In physics, the polarization of electromagnetic radiation is a characteristic of the electromagnetic waves and indicates the oscillation direction of the electric field vector during the wave propagation in space – time (the magnetic field will be polarized along the direction orthogonal to that of the electric field and to the direction of propagation).
Polarization of a Microwaves Beam
An example of a polarized electromagnetic wave is the microwave beam emitted by a gunnplexer (device described in the Post Gunnplexer & Microwave).
The Gunnplexer is a polarized microwave transmitter and receiver. This is because the transmitted electric field wave oscillates in the same direction of the Gunn diode, ie vertically. Thus the output beam from the transceiver is vertically polarized, also the receiver is sensitive only to the electric field polarized in the same direction of the mixer diode, which is also positioned vertically. Turning the receiver around its own axis the intensity read by the receiver passes from a maximum when the transceiver and receiver have the same orientation to a near-zero minimum when they are orthogonal. A microwave polarizing filter can easily build using a simple stripboard PCB, the copper lines absorb the electric field component having the same direction while the orthogonal can pass.

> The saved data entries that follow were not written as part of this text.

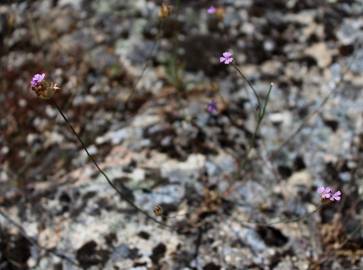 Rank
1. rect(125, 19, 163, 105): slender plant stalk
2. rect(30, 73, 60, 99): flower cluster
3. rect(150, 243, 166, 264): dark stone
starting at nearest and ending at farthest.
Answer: rect(30, 73, 60, 99): flower cluster
rect(150, 243, 166, 264): dark stone
rect(125, 19, 163, 105): slender plant stalk

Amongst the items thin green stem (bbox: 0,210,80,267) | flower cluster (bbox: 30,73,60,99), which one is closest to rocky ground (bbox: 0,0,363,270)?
thin green stem (bbox: 0,210,80,267)

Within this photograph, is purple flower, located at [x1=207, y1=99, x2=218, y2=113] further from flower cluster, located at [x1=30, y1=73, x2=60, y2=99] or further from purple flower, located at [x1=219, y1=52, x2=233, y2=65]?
flower cluster, located at [x1=30, y1=73, x2=60, y2=99]

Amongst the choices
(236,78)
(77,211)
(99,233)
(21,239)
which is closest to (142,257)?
(99,233)

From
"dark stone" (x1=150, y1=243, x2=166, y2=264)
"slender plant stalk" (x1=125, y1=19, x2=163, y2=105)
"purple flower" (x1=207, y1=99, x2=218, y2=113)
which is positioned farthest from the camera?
"slender plant stalk" (x1=125, y1=19, x2=163, y2=105)

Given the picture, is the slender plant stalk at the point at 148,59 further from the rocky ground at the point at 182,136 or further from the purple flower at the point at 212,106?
the purple flower at the point at 212,106

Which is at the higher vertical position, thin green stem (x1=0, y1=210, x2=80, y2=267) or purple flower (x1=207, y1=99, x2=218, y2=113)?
purple flower (x1=207, y1=99, x2=218, y2=113)

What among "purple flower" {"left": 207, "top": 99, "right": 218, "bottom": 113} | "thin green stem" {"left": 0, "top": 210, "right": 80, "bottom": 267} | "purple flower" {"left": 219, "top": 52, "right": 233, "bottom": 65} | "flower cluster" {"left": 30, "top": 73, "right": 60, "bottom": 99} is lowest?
"thin green stem" {"left": 0, "top": 210, "right": 80, "bottom": 267}

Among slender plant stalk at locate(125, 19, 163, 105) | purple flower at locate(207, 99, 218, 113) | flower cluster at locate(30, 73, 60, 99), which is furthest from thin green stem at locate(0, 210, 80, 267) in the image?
purple flower at locate(207, 99, 218, 113)

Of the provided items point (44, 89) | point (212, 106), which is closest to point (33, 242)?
point (44, 89)

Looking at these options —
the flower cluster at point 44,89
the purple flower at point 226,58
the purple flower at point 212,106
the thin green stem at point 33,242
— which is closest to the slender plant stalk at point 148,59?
the purple flower at point 212,106

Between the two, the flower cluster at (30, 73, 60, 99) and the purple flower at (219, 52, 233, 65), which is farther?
the purple flower at (219, 52, 233, 65) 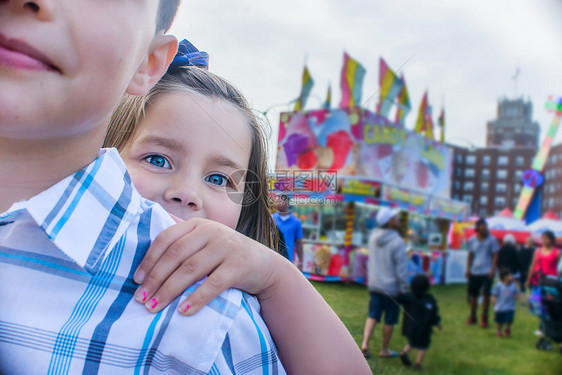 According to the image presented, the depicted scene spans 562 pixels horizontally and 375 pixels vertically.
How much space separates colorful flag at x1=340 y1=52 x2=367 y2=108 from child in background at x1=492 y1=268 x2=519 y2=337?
336 centimetres

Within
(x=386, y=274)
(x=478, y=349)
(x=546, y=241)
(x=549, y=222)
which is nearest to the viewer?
(x=549, y=222)

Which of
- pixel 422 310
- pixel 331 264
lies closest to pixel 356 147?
pixel 331 264

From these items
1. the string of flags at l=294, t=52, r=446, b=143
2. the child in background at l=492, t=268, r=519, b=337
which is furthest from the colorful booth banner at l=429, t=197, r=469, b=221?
the child in background at l=492, t=268, r=519, b=337

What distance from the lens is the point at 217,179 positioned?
0.59 meters

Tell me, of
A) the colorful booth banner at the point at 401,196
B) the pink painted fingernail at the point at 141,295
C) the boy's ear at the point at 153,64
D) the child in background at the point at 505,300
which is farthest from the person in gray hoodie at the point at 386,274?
the child in background at the point at 505,300

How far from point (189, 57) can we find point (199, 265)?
0.93 ft

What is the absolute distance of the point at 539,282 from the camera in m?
3.64

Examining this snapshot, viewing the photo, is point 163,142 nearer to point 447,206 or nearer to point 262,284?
point 262,284

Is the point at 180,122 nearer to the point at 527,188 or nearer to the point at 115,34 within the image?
the point at 115,34

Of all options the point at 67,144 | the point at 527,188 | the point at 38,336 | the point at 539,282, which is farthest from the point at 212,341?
the point at 539,282

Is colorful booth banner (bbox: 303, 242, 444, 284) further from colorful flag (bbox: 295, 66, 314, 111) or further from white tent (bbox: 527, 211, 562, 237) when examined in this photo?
white tent (bbox: 527, 211, 562, 237)

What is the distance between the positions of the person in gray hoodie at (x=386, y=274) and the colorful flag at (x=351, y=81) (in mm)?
294

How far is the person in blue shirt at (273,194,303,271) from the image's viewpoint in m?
0.49

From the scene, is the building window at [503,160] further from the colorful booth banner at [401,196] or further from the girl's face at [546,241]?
the girl's face at [546,241] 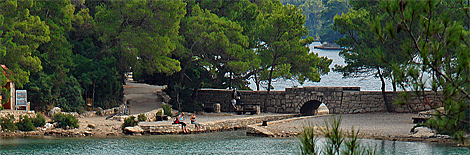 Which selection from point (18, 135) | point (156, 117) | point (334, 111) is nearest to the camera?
point (18, 135)

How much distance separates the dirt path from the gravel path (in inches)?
351

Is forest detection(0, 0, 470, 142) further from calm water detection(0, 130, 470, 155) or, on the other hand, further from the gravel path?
calm water detection(0, 130, 470, 155)

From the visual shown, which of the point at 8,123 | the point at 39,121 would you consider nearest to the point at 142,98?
the point at 39,121

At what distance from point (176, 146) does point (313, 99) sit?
13.9 meters

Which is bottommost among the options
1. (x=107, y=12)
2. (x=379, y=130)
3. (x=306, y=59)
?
(x=379, y=130)

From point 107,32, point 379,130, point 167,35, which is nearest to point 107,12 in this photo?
point 107,32

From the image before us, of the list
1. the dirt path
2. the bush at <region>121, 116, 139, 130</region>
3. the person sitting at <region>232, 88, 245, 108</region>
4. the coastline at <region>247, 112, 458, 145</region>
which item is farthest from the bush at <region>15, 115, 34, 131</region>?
the person sitting at <region>232, 88, 245, 108</region>

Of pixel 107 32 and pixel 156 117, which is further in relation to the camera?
pixel 107 32

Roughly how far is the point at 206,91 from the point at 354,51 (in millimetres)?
9772

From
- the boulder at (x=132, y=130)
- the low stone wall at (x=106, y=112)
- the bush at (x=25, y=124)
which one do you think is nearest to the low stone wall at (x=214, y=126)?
the boulder at (x=132, y=130)

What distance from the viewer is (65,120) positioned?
3025 centimetres

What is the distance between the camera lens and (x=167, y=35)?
3722 cm

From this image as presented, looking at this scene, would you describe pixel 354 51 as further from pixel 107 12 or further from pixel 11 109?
pixel 11 109

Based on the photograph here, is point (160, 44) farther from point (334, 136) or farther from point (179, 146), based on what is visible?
point (334, 136) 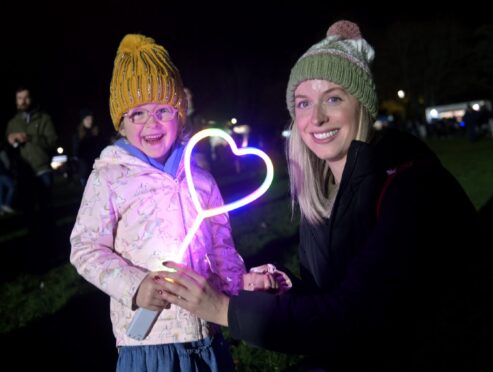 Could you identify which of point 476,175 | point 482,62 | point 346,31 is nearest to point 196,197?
point 346,31

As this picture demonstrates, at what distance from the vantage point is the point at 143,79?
2.70 meters

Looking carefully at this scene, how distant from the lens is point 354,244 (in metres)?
2.08

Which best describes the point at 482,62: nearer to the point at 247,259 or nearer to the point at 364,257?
the point at 247,259

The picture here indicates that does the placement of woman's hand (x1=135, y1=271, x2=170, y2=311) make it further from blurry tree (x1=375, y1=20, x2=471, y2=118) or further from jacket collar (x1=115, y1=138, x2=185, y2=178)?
blurry tree (x1=375, y1=20, x2=471, y2=118)

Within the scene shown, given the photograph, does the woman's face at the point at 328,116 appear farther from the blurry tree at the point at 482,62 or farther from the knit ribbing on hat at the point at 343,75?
the blurry tree at the point at 482,62

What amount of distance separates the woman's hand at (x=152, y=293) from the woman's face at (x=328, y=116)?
97 cm

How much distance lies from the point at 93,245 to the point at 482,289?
376 cm

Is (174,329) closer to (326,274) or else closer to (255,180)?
(326,274)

Rotating the polarizing filter around its axis and measuring with the multimeter the wave intensity received by the receiver, one can obtain the data in the table below and shown in the graph.
You can build the appropriate optical filters to obtain linearly polarized light. Polarizing filters are composed of slats spaced between them of the order of the wavelength of the incident light. The slats prevent or dampen the oscillation of the electric field along the direction perpendicular to them, doing so selecting the polarization direction parallel to them.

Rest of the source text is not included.